• [EXTRACTED RECORDS]:
───

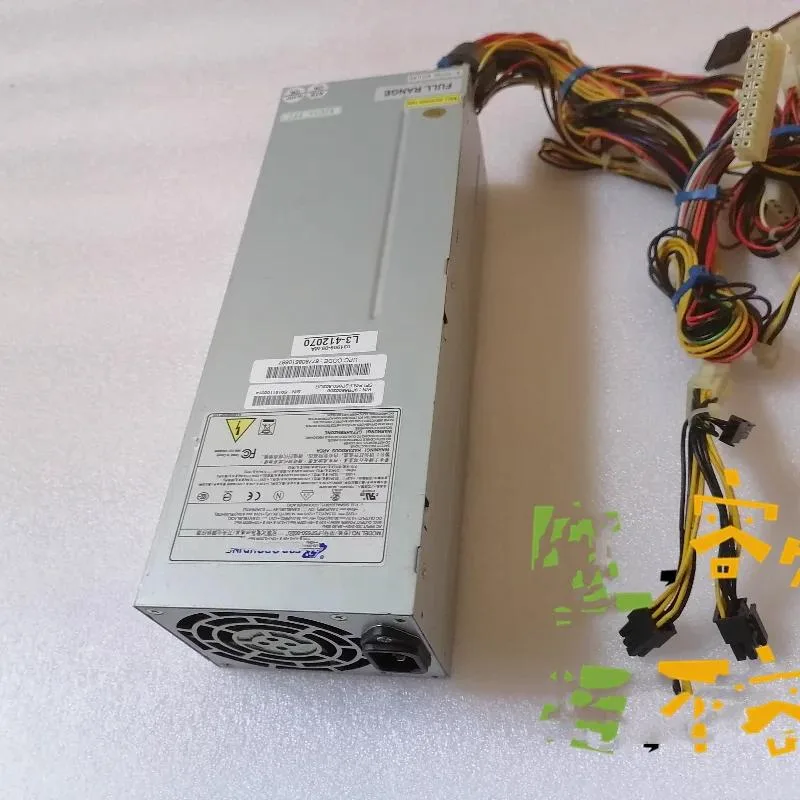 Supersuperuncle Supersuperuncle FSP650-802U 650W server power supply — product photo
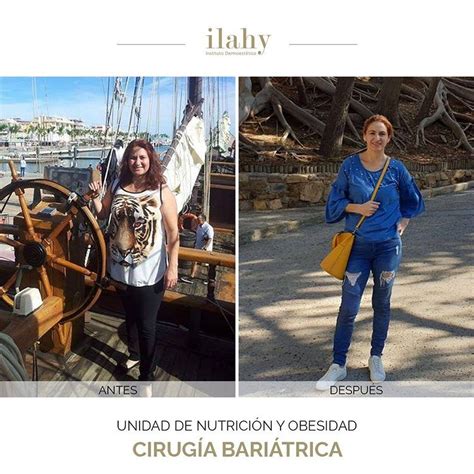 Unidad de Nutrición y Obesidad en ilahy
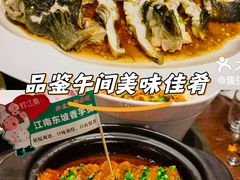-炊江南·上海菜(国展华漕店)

───

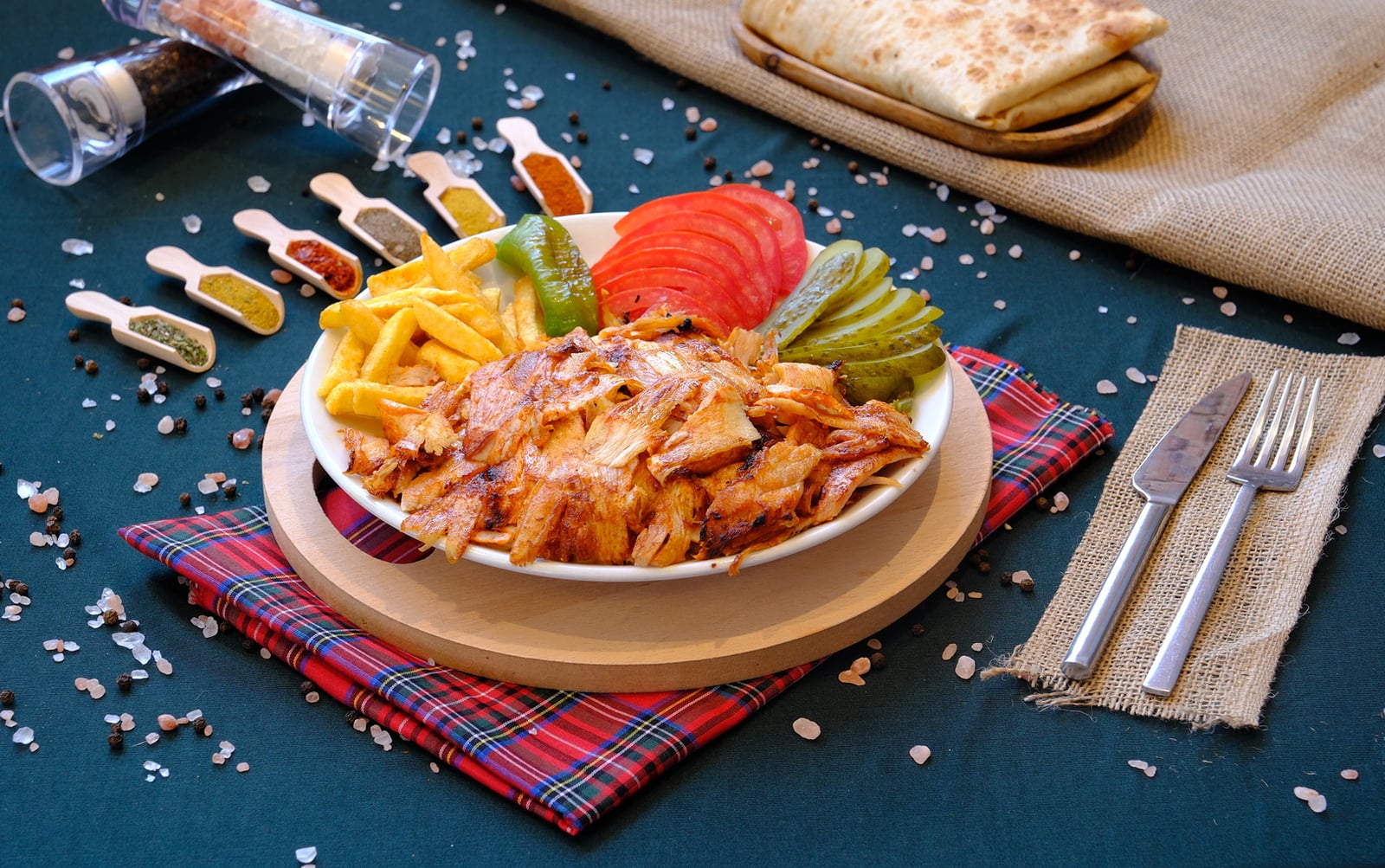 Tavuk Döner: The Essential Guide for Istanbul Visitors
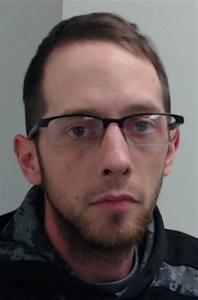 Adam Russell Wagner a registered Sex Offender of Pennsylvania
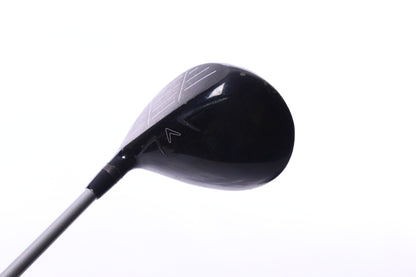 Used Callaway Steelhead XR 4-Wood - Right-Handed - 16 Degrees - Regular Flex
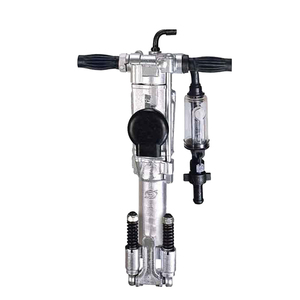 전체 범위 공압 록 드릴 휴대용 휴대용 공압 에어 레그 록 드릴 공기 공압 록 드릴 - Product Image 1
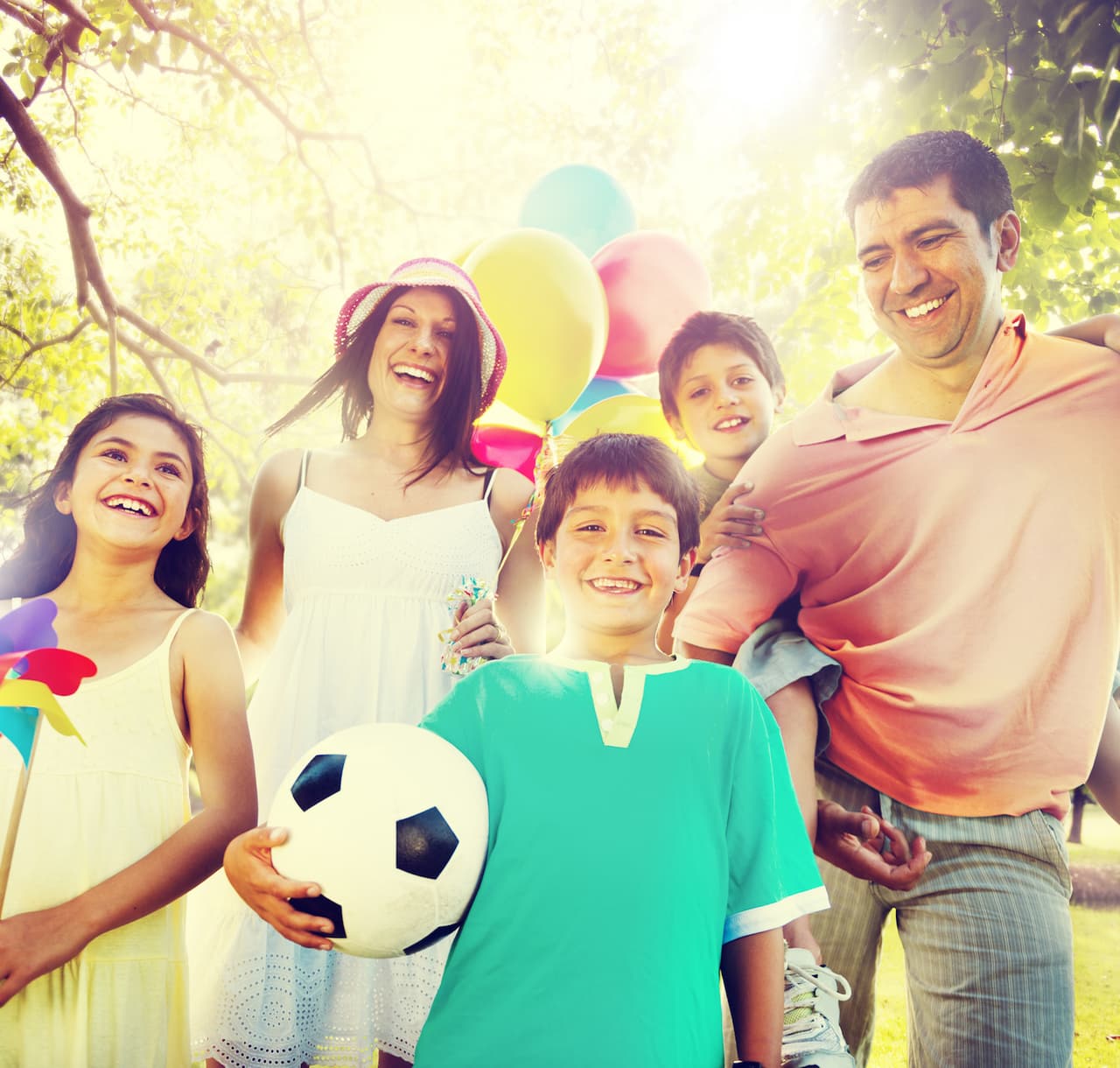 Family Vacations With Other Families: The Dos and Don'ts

───

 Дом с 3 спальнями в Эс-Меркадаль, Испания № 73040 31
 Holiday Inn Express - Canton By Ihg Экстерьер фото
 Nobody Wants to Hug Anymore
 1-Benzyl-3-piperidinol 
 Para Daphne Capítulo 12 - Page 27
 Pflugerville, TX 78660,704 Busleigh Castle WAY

───

Give back exactly the lines above starting at the line where "Nobody Wants to Hug Anymore" appears and ending at the line where "Pflugerville, TX 78660,704" appears, both included, with no other lines.

 Nobody Wants to Hug Anymore
 1-Benzyl-3-piperidinol 
 Para Daphne Capítulo 12 - Page 27
 Pflugerville, TX 78660,704 Busleigh Castle WAY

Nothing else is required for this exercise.